A: There is no harm in it provided that the act is not tantamount to desecrating the graves of Muslims, as seen in the common view. It should also not constitute a nuisance to the visitors of the holy shrine.
Q2086. Funeral directors prevent the digging of new graves beside some existing ones. Is there a shar‘ī reason for that? Are they justified in what they are doing?
A: No one has the right to reserve land around the graves of their relatives and, thus, prevent the believers from burying their dead in the public cemetery provided that the latter is held in trust or made available for the public to bury their dead.
Q2087. By virtue of a court order, a person came to own a piece of confiscated land. It is situated beside the cemetery that is no longer capable of accommodating more graves. Is it permissible to use the land for burial of the dead, after securing permission of the current landlord?
A: If the actual owner can be deemed the rightful owner of the land, there is no objection to making use of it with his consent and permission.
Q2088. A person donated a piece of land to be used as a burial ground and made it a public cemetery for Muslims. Is it permissible for the board of trustees to charge people a fee for burying their dead there?

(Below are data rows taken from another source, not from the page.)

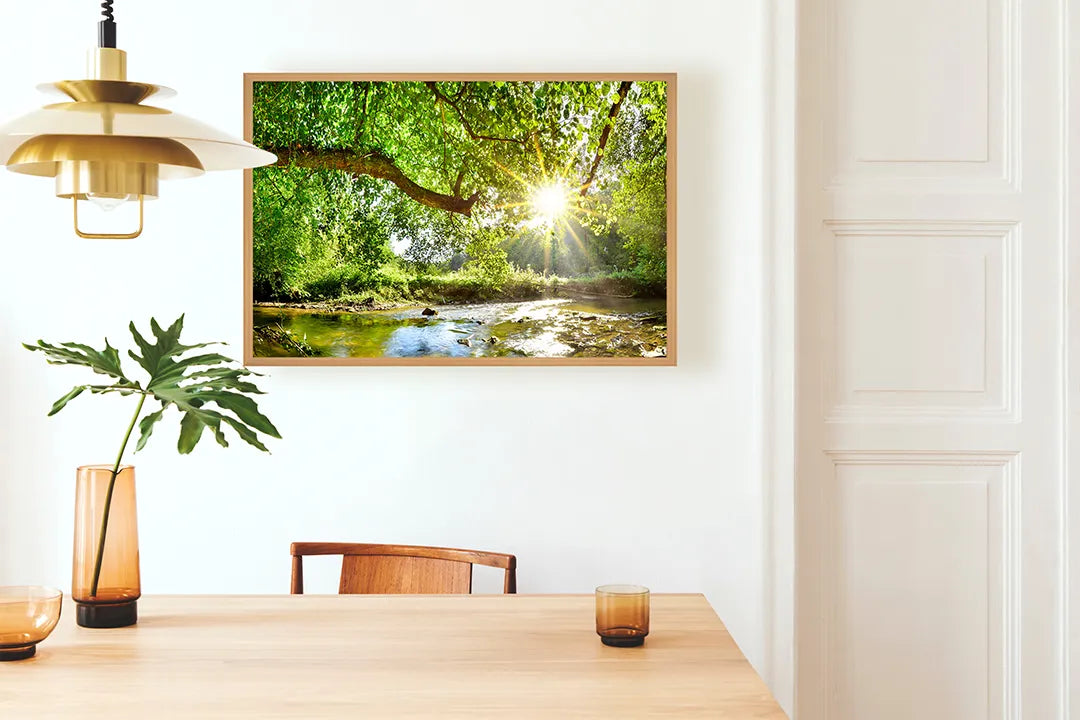 Metall Magnetboard mit hochwertigem Grün Wald Mit Sonnenstrahlen Design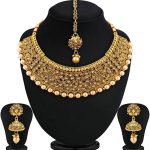 Modish Choker Gold Plated Necklace Set For Women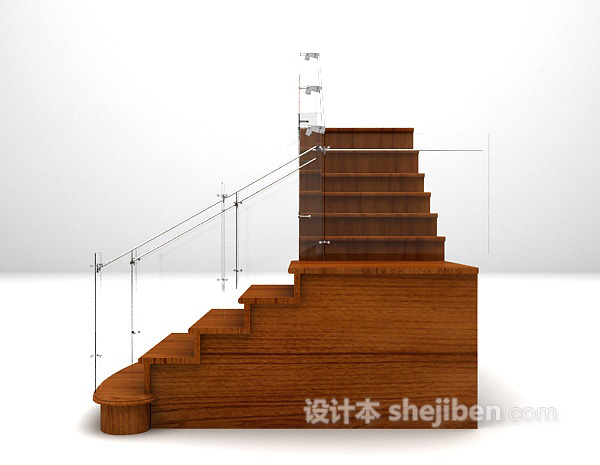 木质楼梯3d模型下载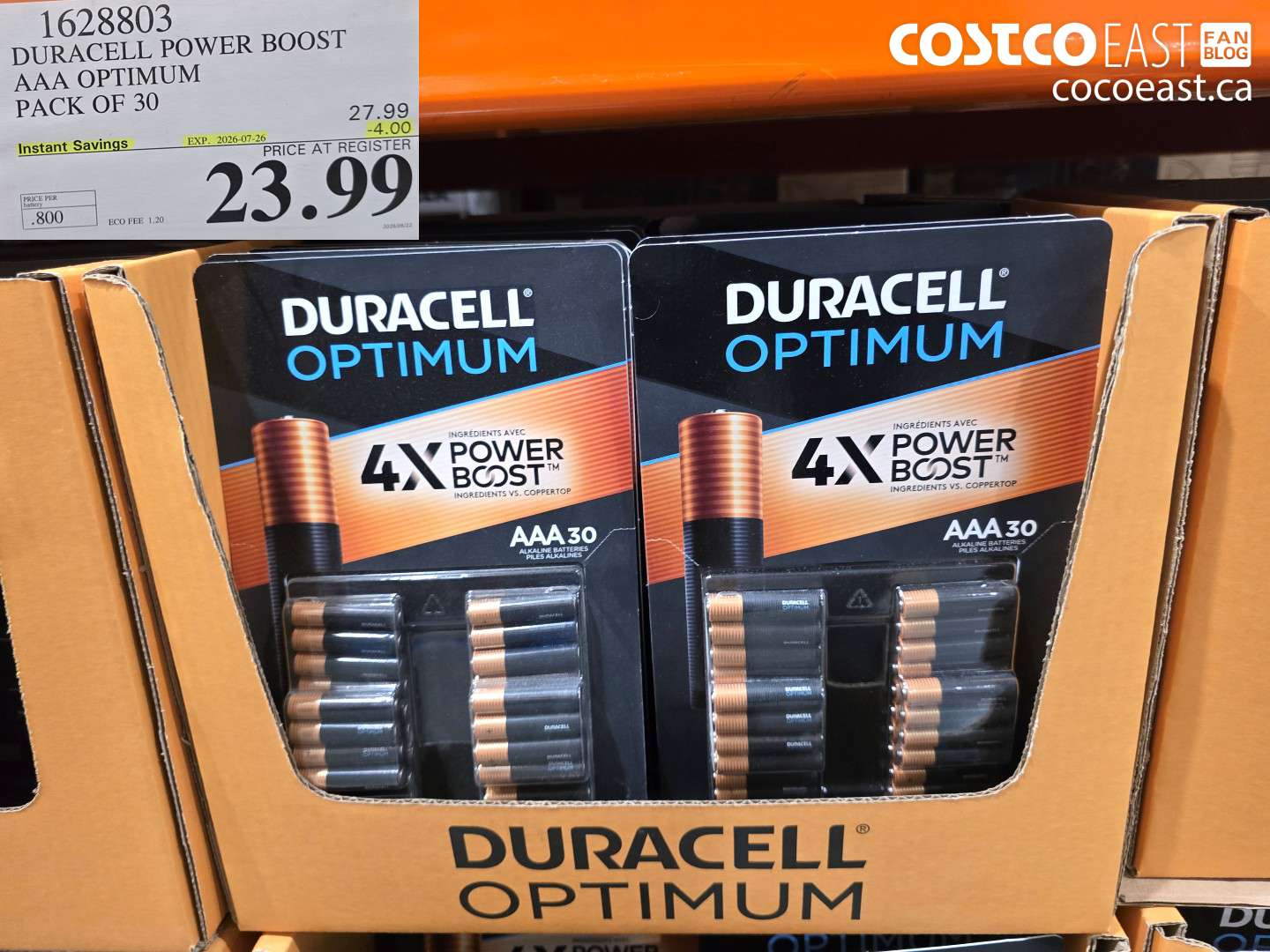 1628803 DURACELL POWER BOOST AAA OPTIMUM PACK OF 30 ($4.00 INSTANT SAVINGS EXPIRES ON 2026-07-26) $23.99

A: They have no right to demand payment of anything for burying the dead in a public graveyard that has been designated as an endowment. However, there is no objection to their charging a fee for providing any sort of service to the cemetery or the relatives of the dead in connection with burying their loved ones.
Q2089. Due to the non-availability of a piece of land in the town centre to build an information centre on it, is it permissible to build the centre in the derelict part of an old cemetery?

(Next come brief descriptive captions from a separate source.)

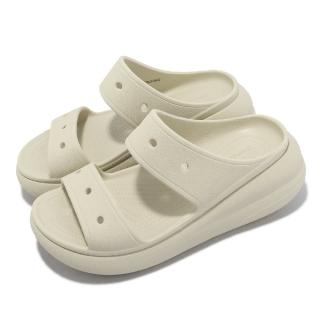 【Crocs】涼拖鞋 Classic Crush Sandal 男鞋 女鞋 骨白色 泡芙涼鞋 雙帶拖鞋(2076702Y2)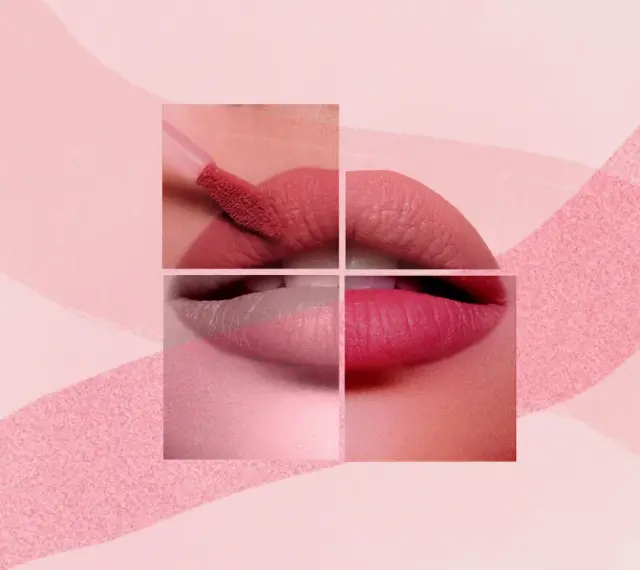 Labios en tonos rosados y rojos, con aplicador de labial. Un collage que evoca la dulzura de los cherry lips.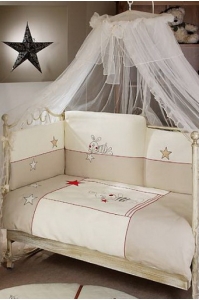 Комплект постельный Feretti Ricordo Ecru, постельное белье в детскую кроватку: 6 элементов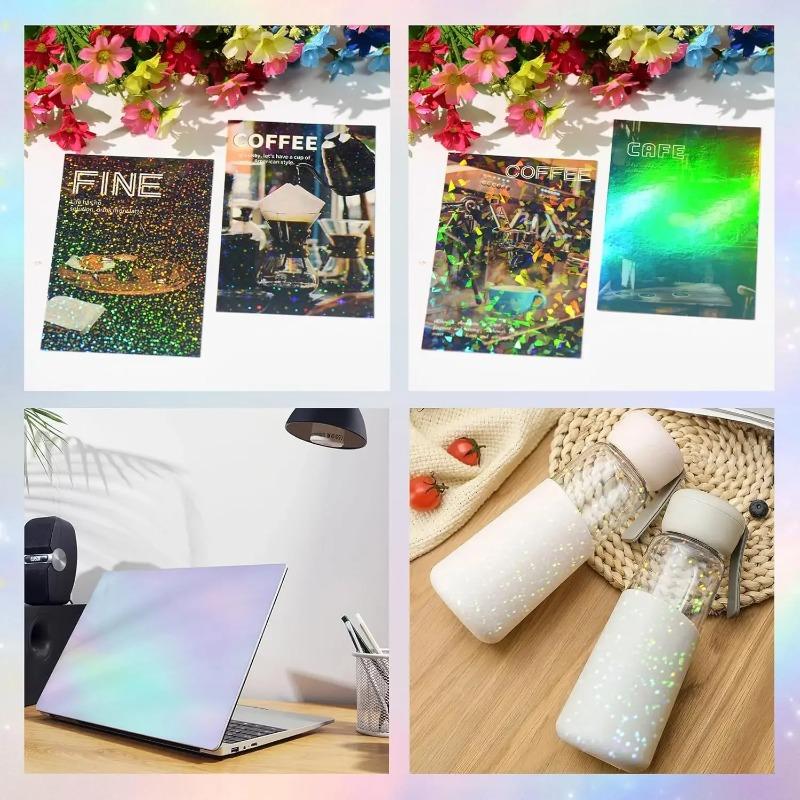 Transparent Holographic Film with Cracked Glass Effect Self Adhesive Waterproof Coating for Printer Paper Crafts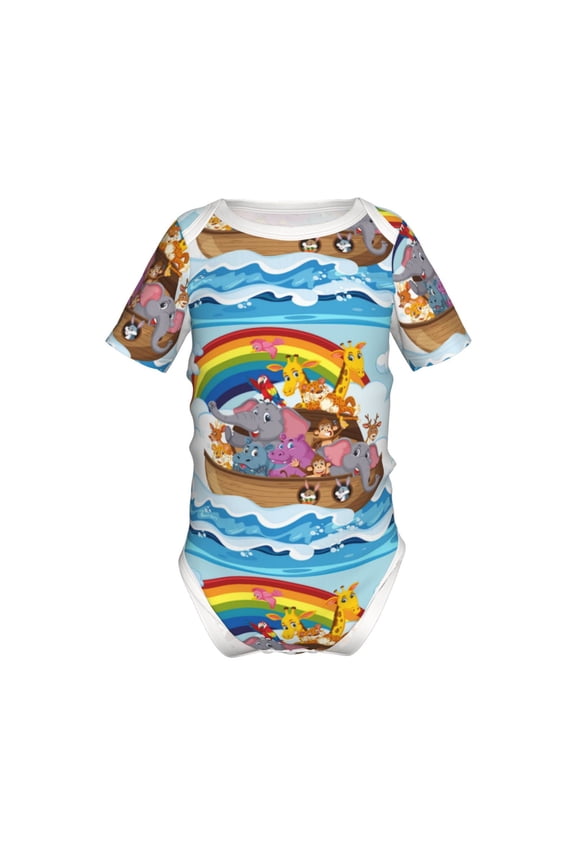 Rainbow Animals on Noah's Ark Pattern Baby Climbing Bodysuit Short Sleeve Onesie Unisex 0-12 Months Baby Shirt Newborn Outfits Crotch snap design-9M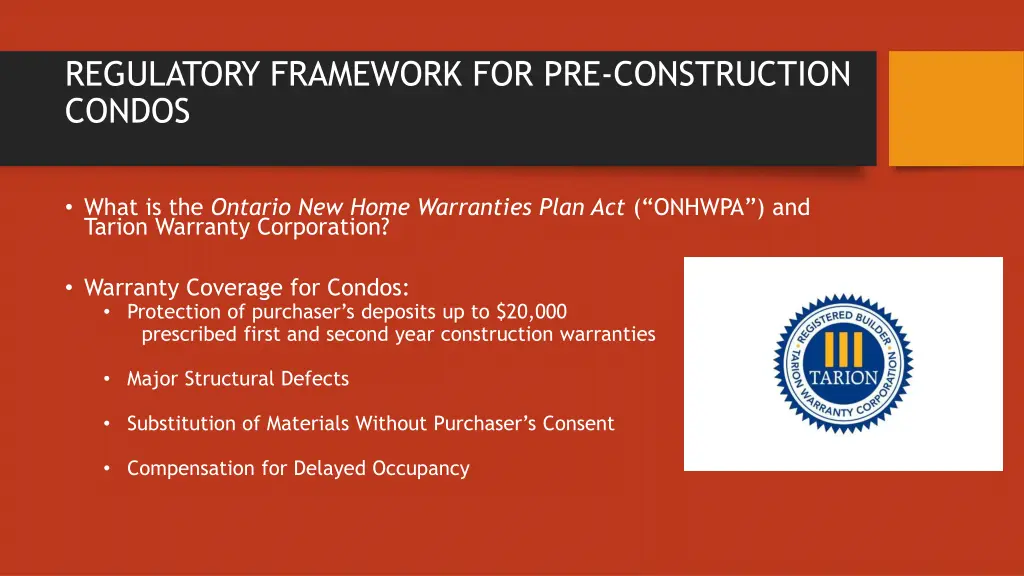 regulatory framework for pre construction condos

A: It is not permissible if the public cemetery was designated as an endowment for burying the Muslim dead, or the building of the centre would entail exhuming the dead bodies or desecrating the graves of Muslims. Otherwise, there is no objection to that.
Q2090. As a mark of respect for the martyrs, who were residents of our village and are buried elsewhere, it is planned to install memorial stones carrying their names in the village cemetery. Is this permissible?

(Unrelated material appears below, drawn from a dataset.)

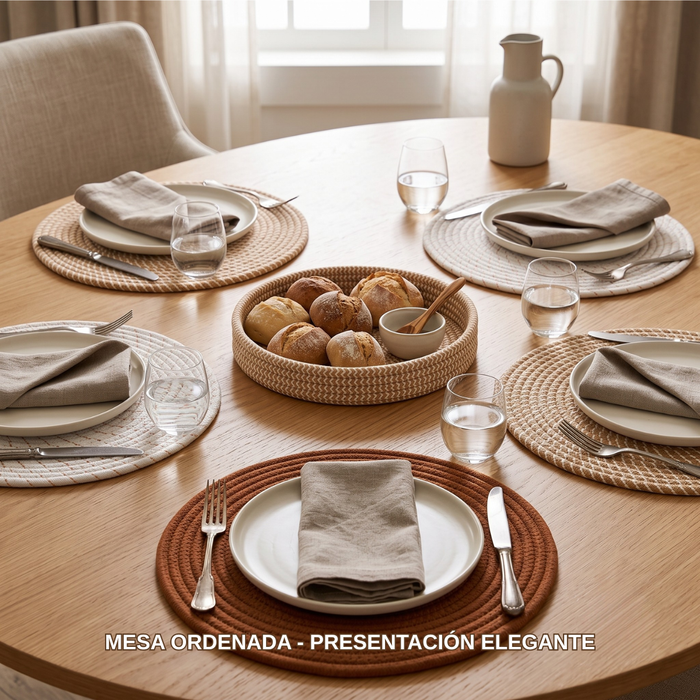 Set 5 Individuales Manteles Redondos Algodón Trenzados 35cm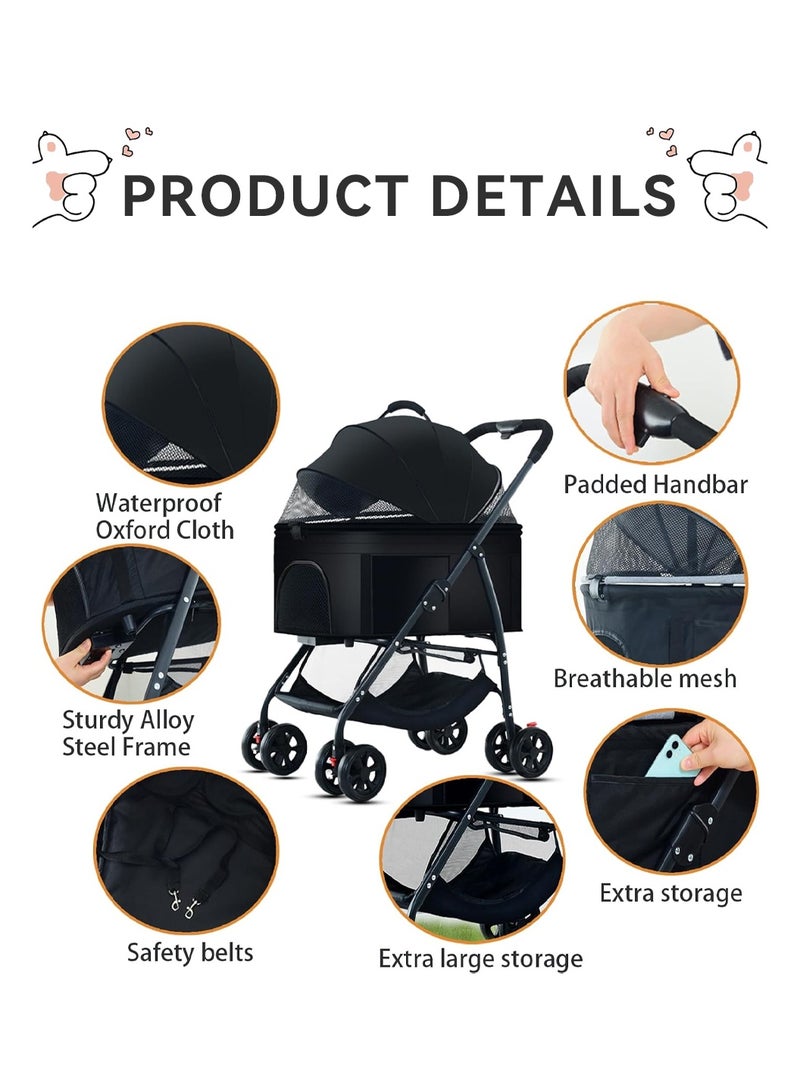 ليوكور 3 في 1 عربة الكلاب الأليفة للكلاب الصغيرة والمتوسطة 10-50 رطل (4-22kg) ، حقيبة الحيوانات الأليفة المحمولة القابلة للفصل ، سلة التخزين ، مقعد السيارة ، عربة الجرو متعددة الوظائف ، عربة الكلاب القابلة للطي (أسود) - Image 5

A: There is no objection to building symbolic graves. However, it is not permissible to prevent other people to bury their dead in that place. This should be so if the land is held in trust for the purpose of burying the dead.
Q2091. We have planned to build a medical centre on a piece of derelict land situated on the periphery of the cemetery. However, we could not absolutely conclude that the land was not used, sometime in the past, as a burial ground. This is borne out by the fact that the residents disagree among themselves one way or the other. What they seem to agree on is that there are dead bodies buried around the piece of land intended for building the medical centre. What should we do?
A: There is no objection to it unless it is [a] proved that the land is held in trust for the purpose of burying the Muslim dead as an endowment, [b] the land is a designated public place for the residents to hold ceremonies on it, or [c] building the medical centre would lead to exhuming the bodies of the believers or subject their graves to an act of desecration. Otherwise, it is not permissible.
Q2092. The area where we live is in need of a masjid or a health centre. There are no lands available to build any of these two projects, apart from an unused piece of land that belongs to the cemetery. It is intended that the proceeds from leasing the piece of land to these public services be spent for the needs of the cemetery itself. Is it permissible to lease this land, especially since nothing is known about the specific nature of holding it in trust?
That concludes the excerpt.